Play 2 framework how are threads measured on a per second basis


This is my first post, I am database administrator and looking to use play framework version 2.4 . I have read the play 2 documentation and still have a few questions since I am very new to it. I have a messaging system that will need to handle loads of up to 50,000 blocking threads per second. If I am correct the maximum number of threads available on play are as follows:

Parallism-Factor * AvailableProcessors

Where the Parallism-Factor is the amount of threads that could be used per core? I have seen that most examples have this number as 1.0 what is wrong with going for a 100 or so? I have this P-Factor right now set at 10.0 and I have 150 cpu cores so that means that I have a maximum of 1,500 threads available if that is the case and I have to process up to 50,000 blocking requests per second then the system would be very slow right? so that the only way to scale would be to add more cores since all the requests are blocking?


Solution

  • '50,000 blocking requests per second' doesn't necessary mean that you need 50.000 threads to handle them. You don't need a thread for each database call.

    To do a very simple calculation: Each database call takes 0.1 seconds, which is an arbitrary number since I have no clue how long your calls take. And each of those 50.000 requests lead to a single, blocking database call. Then your system needs to handle 5000 database calls per seconds. So if you have 10 CPUs you'd need 500 threads per CPU to handle them, or if you have 250 CPUs you'd need 20 threads per CPU. But this is only under ideal circumstances where those requests don't actually do anything else than blocking and waiting.

    Play is using Akka for its thread management and concurrency. The advantage is that one doesn't have to care about the hassles of concurrency during your application programming any more.

    Akka calculates the max number of threads with available CPUs * parallelism-factor. Additionally you can limit them with parallelism-min or parallelism-max. So if you have 250 CPUs and your parallelism-factor is 20 you have max 5000 threads available at once which might or might not be enough to handle your requests.
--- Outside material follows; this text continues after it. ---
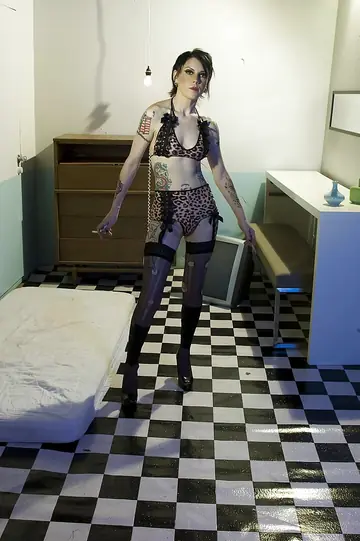 Brunette MILF in Lingerie and Heels Fingers Her Pussy and Shows Her Big Ass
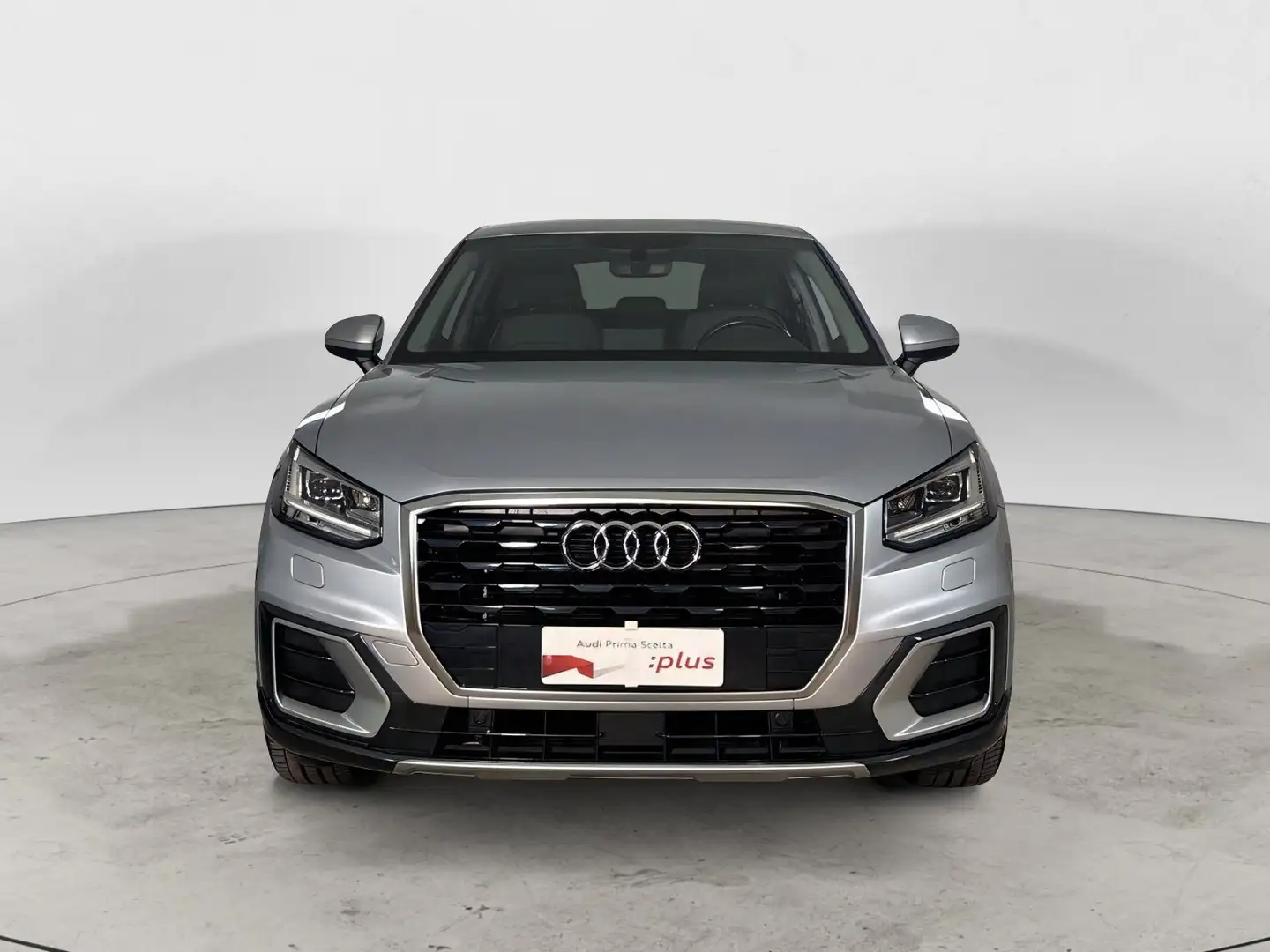 Audi Q2 30 TFSI S tronic Business Design Argento - 2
    So to come back to your question: It's difficult to say. It depends on the time your database calls take and the how heavy you use your CPUs for other calculations. I think there is no other way but trying it out and do some performance measuring. But in general it's better to have less threads since it takes a lot of resources to create a thread. And I'd guess a parallelism-factor of 20 is a good starting point in your case for 250 CPUs.

    I also found this documentation to akka-concurrency-test which itself has a good list of sources.